Le réflexe habituel face à ce type de configuration est d'invoquer des résultats "en dessous des attentes". Mais ici, la réalité est plus nuancée. BNP Paribas affiche un bénéfice net record de 3,2 milliards d'euros, soit 9% de plus qu'un an plus tôt, et dépasse le consensus de près de 300 millions. Société Générale enregistre une hausse de bénéfice de 11,3% en données comparables, au-dessus des attentes. Crédit Agricole progresse de 5,5% sur un an. Ces chiffres, pris isolément, dessinent une saison de résultats solide.
Pourtant, le marché a vendu massivement. Ce n'est pas une réaction irrationnelle : c'est un signal que les investisseurs lisent quelque chose dans ces comptes que les titres de presse ne résument pas.

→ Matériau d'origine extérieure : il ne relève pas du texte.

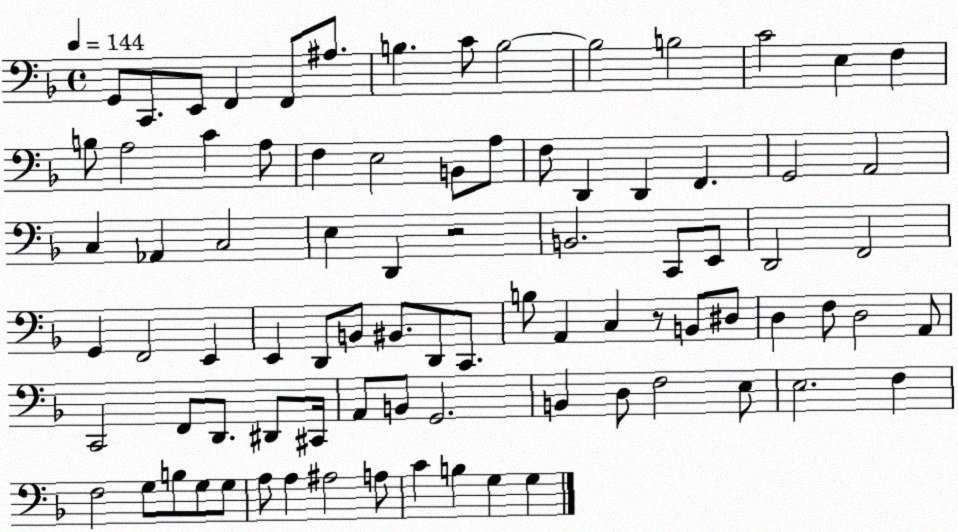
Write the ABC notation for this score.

X:1
T:Untitled
M:4/4
L:1/4
K:F
G,,/2 C,,/2 E,,/2 F,, F,,/2 ^A,/2 B, C/2 B,2 B,2 B,2 C2 E, F, B,/2 A,2 C A,/2 F, E,2 B,,/2 A,/2 F,/2 D,, D,, F,, G,,2 A,,2 C, _A,, C,2 E, D,, z2 B,,2 C,,/2 E,,/2 D,,2 F,,2 G,, F,,2 E,, E,, D,,/2 B,,/2 ^B,,/2 D,,/2 C,,/2 B,/2 A,, C, z/2 B,,/2 ^D,/2 D, F,/2 D,2 A,,/2 C,,2 F,,/2 D,,/2 ^D,,/2 ^C,,/4 A,,/2 B,,/2 G,,2 B,, D,/2 F,2 E,/2 E,2 F, F,2 G,/2 B,/2 G,/2 G,/2 A,/2 A, ^A,2 A,/2 C B, G, G, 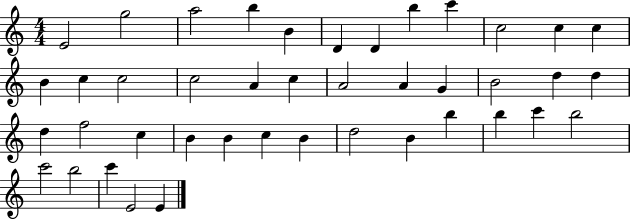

Ce que le marché a lu, c'est l'accélération du coût du risque. BNP Paribas voit le sien progresser de 21% au premier trimestre, à 922 millions d'euros. Crédit Agricole SA enregistre une hausse de 32% sur un an. Ces chiffres ne reflètent pas des pertes réalisées : ils reflètent ce que les banques anticipent. Et une banque qui provisionne massivement dit, en langage comptable, qu'elle ne fait pas confiance à son environnement.
La structure de taux qui piège les banques françaises
Ce chapitre éclaire un mécanisme structurel propre au marché français, qui distingue ces trois établissements de leurs homologues européens et explique pourquoi l'environnement actuel leur est particulièrement défavorable.
En France, les crédits immobiliers sont majoritairement accordés à taux fixe. C'est une protection pour les emprunteurs, mais c'est une contrainte pour les banques : quand les taux montent, les marges sur les anciens crédits ne s'ajustent pas. À l'inverse, les livrets réglementés — Livret A, LDDS — voient leur rémunération indexée sur l'inflation. Quand l'inflation progresse, le coût de la ressource augmente pour les banques, sans que leurs revenus de crédit ne suivent dans les mêmes proportions.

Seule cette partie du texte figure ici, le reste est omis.